AMR relevance: When a robot carries a heavier bin, the load torque increases. Without feedback, the motor slows down. With speed PID, the controller increases PWM to maintain the setpoint — but current increases. If current exceeds the driver’s limit, it saturates. This is torque saturation — the controller wants more torque than the motor can provide. The robot slows down despite the controller’s best effort.
import numpy as np
import matplotlib.pyplot as plt
# Motor parameters (AMR-like geared motor)
R = 2.0 # Ω
L = 0.001 # H (1 mH — we'll include it for accuracy)
Kt = 0.083 # N·m/A = V·s/rad
Ke = Kt # SI units
J = 0.0175 # kg·m² (reflected through gearbox)
B = 0.001 # N·m·s/rad (friction)
# Transfer function: V(s) → ω(s)
# G(s) = Kt / [(Ls + R)(Js + B) + KtKe]
# = Kt / [LJs² + (LB + RJ)s + (RB + KtKe)]
a2 = L * J # s² coefficient
a1 = L * B + R * J # s¹ coefficient
a0 = R * B + Kt * Ke # s⁰ coefficient
K_dc = Kt / a0 # DC gain
print(f"DC gain: {K_dc:.2f} rad/s per volt")
print(f"Electrical τ: {L/R*1000:.2f} ms")
print(f"Mechanical τ: {R*J/(Kt*Ke)*1000:.1f} ms")

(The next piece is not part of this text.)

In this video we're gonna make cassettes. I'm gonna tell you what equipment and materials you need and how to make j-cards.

# Simulate step response using scipy
from scipy import signal
num = [Kt]
den = [a2, a1, a0]
sys = signal.TransferFunction(num, den)
t = np.linspace(0, 0.5, 5000)
t_out, y_out = signal.step(sys, T=t)
# Apply a 12V step
V_step = 12.0
speed_rpm = y_out * V_step * 60 / (2 * np.pi) # convert to RPM
plt.figure(figsize=(10, 6))
plt.plot(t_out * 1000, speed_rpm)
plt.xlabel('Time (ms)')
plt.ylabel('Speed (RPM)')
plt.title('Motor Step Response (12V applied at t=0)')
plt.grid(True)
plt.axhline(y=speed_rpm[-1], color='r', linestyle='--',
label=f'Steady state: {speed_rpm[-1]:.0f} RPM')
plt.legend()
plt.savefig('motor_step_response.png', dpi=100)
plt.show()
# Current transfer function: V(s) → I(s)
# I(s) = (Js + B) / [(Ls + R)(Js + B) + KtKe] * V(s)
num_i = [J, B]
den_i = [a2, a1, a0]
sys_i = signal.TransferFunction(num_i, den_i)

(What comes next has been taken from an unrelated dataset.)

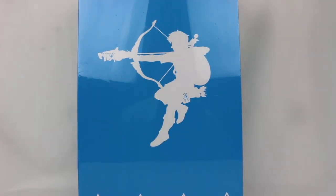Hey everyone, Hasan here. Welcome to the World of Ha! Today I have a special unboxing for you. This is The Legend of Zelda Breath of the Wild Creating a Champion Heroes Edition.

t_out, i_out = signal.step(sys_i, T=t)
current = i_out * V_step
plt.figure(figsize=(10, 6))
plt.plot(t_out * 1000, current)
plt.xlabel('Time (ms)')
plt.ylabel('Current (A)')
plt.title('Motor Current During Startup')
plt.axhline(y=V_step/R, color='r', linestyle='--',
label=f'Stall current: {V_step/R:.1f} A')

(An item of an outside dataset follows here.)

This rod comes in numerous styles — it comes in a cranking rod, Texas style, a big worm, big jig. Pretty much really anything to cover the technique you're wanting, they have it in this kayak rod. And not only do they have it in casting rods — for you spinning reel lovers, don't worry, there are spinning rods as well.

plt.axhline(y=current[-1], color='g', linestyle='--',
label=f'Running current: {current[-1]:.2f} A')
plt.legend()
plt.grid(True)
plt.savefig('motor_current_startup.png', dpi=100)
plt.show()
The transfer function model assumes linearity. Real motors have:
| Nonlinearity | Effect | When it matters |
|---|---|---|
| Stiction | Motor doesn’t move until torque exceeds static friction | Low-speed precision moves |
| Backlash | Gearbox has play; reversing direction → dead zone | Position control, direction changes |
| Saturation | PWM can’t exceed 100%; current can’t exceed driver limit | High-load situations |
| Cogging | Permanent magnets create torque ripple at certain positions | Low-speed smoothness |
| Temperature | R increases ~0.4%/°C; Kt changes with magnet temperature | Long duty cycles |
| Dead zone | Motor doesn’t respond below a minimum voltage (due to friction) | Very low speed commands |
robot motors exhibit ALL of these. The PID controller partially compensates, but extreme cases (stiction at very low speed, saturation on ramps) require explicit handling: - Dead zone compensation: Add a minimum PWM offset when speed command > 0 - Anti-backlash: In position mode, always approach from the same direction - Current limiting: Clamp the PID output to prevent driver damage
Real friction isn’t purely viscous ($B \cdot \omega$). It includes:
$$\tau_{friction} = B \cdot \omega + \tau_{coulomb} \cdot \text{sign}(\omega) + \tau_{stiction} \cdot \delta(\omega = 0)$$
Friction torque
│
│ ────────────── τ_stiction (breakaway)
│ /
│/ τ_coulomb
├─────────────────────── ω
│╲ -τ_coulomb
│ ╲
│ ────────────── -τ_stiction
│
The stiction problem: At zero speed, static friction is higher than kinetic friction. The motor must produce more torque to start moving than to keep moving. This creates a dead zone around zero speed where the PID controller requests torque but the motor doesn’t move. The integral term winds up. When the motor finally breaks free, the accumulated integral causes an overshoot.